There are several limitations to the study that may explain the more negative results and lack of replication. First, while it is appreciated that the authors used serum assays as a less invasive, more practical method for analysis of DNA methylation, whole blood preparations may not necessarily reflect all DNA methylation changes occurring in the brain. However, blood-derived exosome preparations may prove to be more reflective of these epigenetic changes. Exosomes are vesicle containing protein, DNA, and RNA that are secreted from cells and taken up by distant cells to affect cellular function and behavior.[16] Another limitation of the study is that the authors did not consider the antiepileptic drugs (AEDs) regimen of epileptic patients which could have modified DNA methylation levels and influenced findings. Additionally, consideration of the medical history of the parents with genetic epilepsy and how their AEDs regimen could have impacted DNA methylation mechanisms in the offspring. Another major limitation of the study is that the DNA methylation detection strategy employed in the study does not distinguish between the 2 forms of DNA methylation, 5-mC and 5-hmC individually, but rather detects accumulative changes in both 5-mC and 5-hmC levels. Thus, future studies should consider analysis of 5-mC or 5-hmC DNA methylation markers individually in peripheral blood and in brain regions of epileptic patients across the different age groups. This could have greatly reduced variability and identified whether 5-mC, 5-hmC, or both DNA methylation forms were altered in blood samples. Finally, transcriptional states of the pathogenic variants in genes encoding for epigenetic enzymes that modify DNA and histones, control splicing, remodel chromatin, or modulate enhancers should be evaluated in epilepsy and/or seizures.

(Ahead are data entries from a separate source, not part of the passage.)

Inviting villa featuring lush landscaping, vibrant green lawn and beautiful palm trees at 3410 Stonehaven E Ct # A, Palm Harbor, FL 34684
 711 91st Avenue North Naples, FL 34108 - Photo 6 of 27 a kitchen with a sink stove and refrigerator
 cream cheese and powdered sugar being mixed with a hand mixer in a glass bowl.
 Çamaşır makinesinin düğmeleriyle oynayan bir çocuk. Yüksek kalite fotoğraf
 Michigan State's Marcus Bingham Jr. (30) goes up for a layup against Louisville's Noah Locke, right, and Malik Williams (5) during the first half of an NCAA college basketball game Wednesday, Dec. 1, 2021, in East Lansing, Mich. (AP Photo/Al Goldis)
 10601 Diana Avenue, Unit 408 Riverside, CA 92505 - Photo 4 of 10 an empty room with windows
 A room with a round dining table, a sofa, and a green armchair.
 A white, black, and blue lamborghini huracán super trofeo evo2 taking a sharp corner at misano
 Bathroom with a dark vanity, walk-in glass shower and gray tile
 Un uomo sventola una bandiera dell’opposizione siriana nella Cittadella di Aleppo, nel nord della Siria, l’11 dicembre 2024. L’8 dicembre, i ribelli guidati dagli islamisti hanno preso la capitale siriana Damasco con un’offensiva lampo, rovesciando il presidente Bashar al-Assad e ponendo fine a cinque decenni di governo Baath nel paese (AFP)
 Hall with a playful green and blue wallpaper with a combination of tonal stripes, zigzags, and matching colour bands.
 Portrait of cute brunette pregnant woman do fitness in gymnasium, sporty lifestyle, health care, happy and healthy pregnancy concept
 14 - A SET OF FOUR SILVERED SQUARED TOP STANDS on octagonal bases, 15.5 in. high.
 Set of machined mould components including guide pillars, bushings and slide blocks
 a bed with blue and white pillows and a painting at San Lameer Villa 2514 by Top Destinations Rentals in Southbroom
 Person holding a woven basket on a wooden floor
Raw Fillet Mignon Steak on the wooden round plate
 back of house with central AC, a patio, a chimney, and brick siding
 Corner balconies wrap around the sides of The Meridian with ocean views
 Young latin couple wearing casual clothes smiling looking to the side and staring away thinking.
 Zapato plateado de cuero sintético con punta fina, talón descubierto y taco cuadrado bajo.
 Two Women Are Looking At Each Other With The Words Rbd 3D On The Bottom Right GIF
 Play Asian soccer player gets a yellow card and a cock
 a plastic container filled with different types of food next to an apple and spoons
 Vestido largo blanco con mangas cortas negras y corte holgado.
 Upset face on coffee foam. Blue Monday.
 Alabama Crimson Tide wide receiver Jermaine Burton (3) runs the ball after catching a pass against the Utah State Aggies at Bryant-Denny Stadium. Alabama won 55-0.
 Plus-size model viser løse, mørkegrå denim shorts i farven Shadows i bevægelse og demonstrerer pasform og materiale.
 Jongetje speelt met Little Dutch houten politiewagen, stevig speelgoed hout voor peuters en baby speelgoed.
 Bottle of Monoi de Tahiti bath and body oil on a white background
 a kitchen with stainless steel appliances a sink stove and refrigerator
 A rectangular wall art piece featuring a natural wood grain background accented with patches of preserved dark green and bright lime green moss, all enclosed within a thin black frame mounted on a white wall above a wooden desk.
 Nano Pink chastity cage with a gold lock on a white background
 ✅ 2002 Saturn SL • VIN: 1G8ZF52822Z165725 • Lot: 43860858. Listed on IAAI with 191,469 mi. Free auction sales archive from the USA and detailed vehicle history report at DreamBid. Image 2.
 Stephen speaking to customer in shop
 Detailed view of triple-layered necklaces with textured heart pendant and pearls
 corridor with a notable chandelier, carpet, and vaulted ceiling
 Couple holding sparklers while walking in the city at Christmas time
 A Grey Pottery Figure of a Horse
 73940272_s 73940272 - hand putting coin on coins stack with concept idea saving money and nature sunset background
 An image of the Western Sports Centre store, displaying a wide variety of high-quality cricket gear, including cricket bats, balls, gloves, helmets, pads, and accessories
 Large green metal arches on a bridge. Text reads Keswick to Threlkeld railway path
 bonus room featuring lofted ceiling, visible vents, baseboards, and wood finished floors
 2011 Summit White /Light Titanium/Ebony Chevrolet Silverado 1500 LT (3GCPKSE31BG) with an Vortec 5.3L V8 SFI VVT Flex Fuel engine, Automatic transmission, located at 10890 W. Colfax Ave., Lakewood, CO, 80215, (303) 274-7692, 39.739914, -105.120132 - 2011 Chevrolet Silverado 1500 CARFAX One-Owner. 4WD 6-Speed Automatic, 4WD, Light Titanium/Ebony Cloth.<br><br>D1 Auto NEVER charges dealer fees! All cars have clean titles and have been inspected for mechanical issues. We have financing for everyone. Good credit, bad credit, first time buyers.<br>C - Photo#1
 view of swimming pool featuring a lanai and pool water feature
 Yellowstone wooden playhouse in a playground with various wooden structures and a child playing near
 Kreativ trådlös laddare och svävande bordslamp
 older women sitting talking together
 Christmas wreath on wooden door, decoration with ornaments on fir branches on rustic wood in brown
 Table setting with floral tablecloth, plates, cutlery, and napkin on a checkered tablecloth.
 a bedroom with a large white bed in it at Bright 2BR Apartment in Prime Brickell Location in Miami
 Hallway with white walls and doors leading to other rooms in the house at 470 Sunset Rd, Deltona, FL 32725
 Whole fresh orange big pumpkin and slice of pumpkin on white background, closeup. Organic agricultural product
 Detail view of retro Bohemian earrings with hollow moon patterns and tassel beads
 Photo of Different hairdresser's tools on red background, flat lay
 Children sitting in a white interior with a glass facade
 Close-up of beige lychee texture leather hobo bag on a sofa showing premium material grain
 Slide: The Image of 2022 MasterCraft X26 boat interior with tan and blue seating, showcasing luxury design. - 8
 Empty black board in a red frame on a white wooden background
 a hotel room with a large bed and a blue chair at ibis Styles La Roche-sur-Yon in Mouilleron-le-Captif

In conclusion, this study faced many challenges in conducting these EWAS, which no doubt, limited any definitive conclusions on whether seizures and blood DNA methylation changes correlated with childhood and adolescence epilepsy. Nonetheless, a major strength of the study that remains is the developmental assessment of DNA methylation changes in blood and brain across several ages, suggesting that the positive brain–blood correlations may have been developmentally influenced. Therefore, future studies should consider epigenetic factors that are developmentally regulated by seizures and in epilepsy.